INFORMATION SUPPLIED:
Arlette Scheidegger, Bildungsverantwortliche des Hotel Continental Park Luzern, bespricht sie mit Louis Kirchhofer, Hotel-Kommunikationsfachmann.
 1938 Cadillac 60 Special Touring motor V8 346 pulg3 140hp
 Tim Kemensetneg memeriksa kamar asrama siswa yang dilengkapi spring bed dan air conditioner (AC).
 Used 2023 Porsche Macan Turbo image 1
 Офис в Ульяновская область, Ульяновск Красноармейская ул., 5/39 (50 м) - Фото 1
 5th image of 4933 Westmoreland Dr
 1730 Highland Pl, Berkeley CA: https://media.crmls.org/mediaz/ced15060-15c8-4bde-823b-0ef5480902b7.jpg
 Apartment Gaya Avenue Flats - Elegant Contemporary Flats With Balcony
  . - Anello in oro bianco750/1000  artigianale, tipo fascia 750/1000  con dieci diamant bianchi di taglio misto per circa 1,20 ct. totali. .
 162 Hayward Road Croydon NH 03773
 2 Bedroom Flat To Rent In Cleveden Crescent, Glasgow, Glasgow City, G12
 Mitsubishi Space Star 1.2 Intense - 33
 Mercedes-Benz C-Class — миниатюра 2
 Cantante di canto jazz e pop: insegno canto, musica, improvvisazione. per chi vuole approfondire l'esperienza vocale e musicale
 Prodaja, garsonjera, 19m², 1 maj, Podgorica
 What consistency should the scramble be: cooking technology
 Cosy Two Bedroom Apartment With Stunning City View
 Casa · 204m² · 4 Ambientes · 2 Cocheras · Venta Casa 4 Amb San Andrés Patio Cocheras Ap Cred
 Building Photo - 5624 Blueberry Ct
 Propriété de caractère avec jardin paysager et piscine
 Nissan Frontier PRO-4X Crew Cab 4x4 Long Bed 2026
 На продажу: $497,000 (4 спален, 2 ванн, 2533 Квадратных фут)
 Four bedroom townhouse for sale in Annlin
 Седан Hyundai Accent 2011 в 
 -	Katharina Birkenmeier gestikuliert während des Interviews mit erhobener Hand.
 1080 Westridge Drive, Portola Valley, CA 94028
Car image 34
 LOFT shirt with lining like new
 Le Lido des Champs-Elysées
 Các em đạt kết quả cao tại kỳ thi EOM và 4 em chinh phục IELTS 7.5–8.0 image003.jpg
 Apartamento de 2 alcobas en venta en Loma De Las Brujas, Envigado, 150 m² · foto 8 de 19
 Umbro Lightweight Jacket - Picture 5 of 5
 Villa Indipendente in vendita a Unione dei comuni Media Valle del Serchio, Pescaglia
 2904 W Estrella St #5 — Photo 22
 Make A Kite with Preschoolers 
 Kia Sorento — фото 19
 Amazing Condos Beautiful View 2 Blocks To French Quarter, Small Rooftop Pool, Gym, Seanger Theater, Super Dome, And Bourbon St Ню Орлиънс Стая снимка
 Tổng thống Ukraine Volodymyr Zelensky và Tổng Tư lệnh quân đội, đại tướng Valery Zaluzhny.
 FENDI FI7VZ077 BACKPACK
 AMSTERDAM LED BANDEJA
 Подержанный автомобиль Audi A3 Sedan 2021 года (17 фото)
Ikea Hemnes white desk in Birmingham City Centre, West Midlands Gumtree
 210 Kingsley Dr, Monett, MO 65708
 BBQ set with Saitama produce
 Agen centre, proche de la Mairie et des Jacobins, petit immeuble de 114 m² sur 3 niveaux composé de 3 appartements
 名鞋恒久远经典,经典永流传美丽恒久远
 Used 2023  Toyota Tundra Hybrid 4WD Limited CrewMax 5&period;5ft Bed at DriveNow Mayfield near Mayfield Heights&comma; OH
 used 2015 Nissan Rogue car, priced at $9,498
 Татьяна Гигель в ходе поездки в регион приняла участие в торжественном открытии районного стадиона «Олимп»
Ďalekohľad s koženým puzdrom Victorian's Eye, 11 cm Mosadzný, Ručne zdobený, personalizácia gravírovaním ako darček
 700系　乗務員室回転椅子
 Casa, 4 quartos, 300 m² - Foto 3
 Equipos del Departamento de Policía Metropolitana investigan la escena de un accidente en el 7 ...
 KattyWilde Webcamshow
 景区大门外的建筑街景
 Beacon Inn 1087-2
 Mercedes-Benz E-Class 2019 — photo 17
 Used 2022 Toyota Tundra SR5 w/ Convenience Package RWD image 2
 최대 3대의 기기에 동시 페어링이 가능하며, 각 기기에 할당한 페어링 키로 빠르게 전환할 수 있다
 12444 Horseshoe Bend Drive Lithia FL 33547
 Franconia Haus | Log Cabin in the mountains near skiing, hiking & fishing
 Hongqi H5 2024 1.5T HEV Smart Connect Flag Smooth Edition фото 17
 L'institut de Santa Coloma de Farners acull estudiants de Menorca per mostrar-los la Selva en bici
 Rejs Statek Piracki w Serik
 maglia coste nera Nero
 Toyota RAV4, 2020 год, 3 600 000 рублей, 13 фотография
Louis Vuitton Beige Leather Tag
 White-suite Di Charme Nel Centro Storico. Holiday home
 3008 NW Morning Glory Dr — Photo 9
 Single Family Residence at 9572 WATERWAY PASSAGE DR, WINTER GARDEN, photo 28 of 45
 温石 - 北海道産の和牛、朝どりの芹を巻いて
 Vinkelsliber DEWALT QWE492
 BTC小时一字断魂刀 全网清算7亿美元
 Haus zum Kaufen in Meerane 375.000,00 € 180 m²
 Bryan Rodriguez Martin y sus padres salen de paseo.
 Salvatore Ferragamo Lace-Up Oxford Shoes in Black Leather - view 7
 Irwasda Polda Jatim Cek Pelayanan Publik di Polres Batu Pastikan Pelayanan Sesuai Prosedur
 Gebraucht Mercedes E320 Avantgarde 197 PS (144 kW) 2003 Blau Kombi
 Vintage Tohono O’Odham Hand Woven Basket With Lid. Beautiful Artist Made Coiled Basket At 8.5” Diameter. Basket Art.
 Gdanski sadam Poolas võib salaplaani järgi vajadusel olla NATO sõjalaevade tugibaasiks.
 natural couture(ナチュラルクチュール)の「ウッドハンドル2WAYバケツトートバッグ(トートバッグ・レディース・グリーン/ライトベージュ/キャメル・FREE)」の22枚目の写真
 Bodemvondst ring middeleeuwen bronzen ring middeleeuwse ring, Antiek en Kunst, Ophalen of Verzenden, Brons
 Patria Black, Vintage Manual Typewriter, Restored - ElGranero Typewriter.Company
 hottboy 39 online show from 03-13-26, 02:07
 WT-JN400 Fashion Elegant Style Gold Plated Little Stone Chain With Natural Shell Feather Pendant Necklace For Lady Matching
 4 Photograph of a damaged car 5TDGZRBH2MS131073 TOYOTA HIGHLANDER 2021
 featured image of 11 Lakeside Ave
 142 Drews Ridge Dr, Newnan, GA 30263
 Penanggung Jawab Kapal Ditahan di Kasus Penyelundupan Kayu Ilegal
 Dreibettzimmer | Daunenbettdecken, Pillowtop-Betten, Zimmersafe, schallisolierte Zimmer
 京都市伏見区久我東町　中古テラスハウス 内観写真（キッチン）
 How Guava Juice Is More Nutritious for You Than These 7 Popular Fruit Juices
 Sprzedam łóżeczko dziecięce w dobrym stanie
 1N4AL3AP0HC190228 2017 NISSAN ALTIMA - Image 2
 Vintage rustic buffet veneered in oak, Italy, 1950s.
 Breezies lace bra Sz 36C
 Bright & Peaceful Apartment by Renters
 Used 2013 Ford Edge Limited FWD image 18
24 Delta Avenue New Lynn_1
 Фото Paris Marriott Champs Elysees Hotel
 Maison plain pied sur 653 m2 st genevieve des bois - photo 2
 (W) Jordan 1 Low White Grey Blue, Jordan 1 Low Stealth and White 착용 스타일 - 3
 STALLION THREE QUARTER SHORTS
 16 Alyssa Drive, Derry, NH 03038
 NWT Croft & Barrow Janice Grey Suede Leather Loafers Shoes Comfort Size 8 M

WHAT TO WORK ON:
Retype the records above exactly, from their first line through the line that contains "Седан Hyundai Accent 2011 в", and stop there.

TASK OUTPUT:
Arlette Scheidegger, Bildungsverantwortliche des Hotel Continental Park Luzern, bespricht sie mit Louis Kirchhofer, Hotel-Kommunikationsfachmann.
 1938 Cadillac 60 Special Touring motor V8 346 pulg3 140hp
 Tim Kemensetneg memeriksa kamar asrama siswa yang dilengkapi spring bed dan air conditioner (AC).
 Used 2023 Porsche Macan Turbo image 1
 Офис в Ульяновская область, Ульяновск Красноармейская ул., 5/39 (50 м) - Фото 1
 5th image of 4933 Westmoreland Dr
 1730 Highland Pl, Berkeley CA: https://media.crmls.org/mediaz/ced15060-15c8-4bde-823b-0ef5480902b7.jpg
 Apartment Gaya Avenue Flats - Elegant Contemporary Flats With Balcony
  . - Anello in oro bianco750/1000  artigianale, tipo fascia 750/1000  con dieci diamant bianchi di taglio misto per circa 1,20 ct. totali. .
 162 Hayward Road Croydon NH 03773
 2 Bedroom Flat To Rent In Cleveden Crescent, Glasgow, Glasgow City, G12
 Mitsubishi Space Star 1.2 Intense - 33
 Mercedes-Benz C-Class — миниатюра 2
 Cantante di canto jazz e pop: insegno canto, musica, improvvisazione. per chi vuole approfondire l'esperienza vocale e musicale
 Prodaja, garsonjera, 19m², 1 maj, Podgorica
 What consistency should the scramble be: cooking technology
 Cosy Two Bedroom Apartment With Stunning City View
 Casa · 204m² · 4 Ambientes · 2 Cocheras · Venta Casa 4 Amb San Andrés Patio Cocheras Ap Cred
 Building Photo - 5624 Blueberry Ct
 Propriété de caractère avec jardin paysager et piscine
 Nissan Frontier PRO-4X Crew Cab 4x4 Long Bed 2026
 На продажу: $497,000 (4 спален, 2 ванн, 2533 Квадратных фут)
 Four bedroom townhouse for sale in Annlin
 Седан Hyundai Accent 2011 в 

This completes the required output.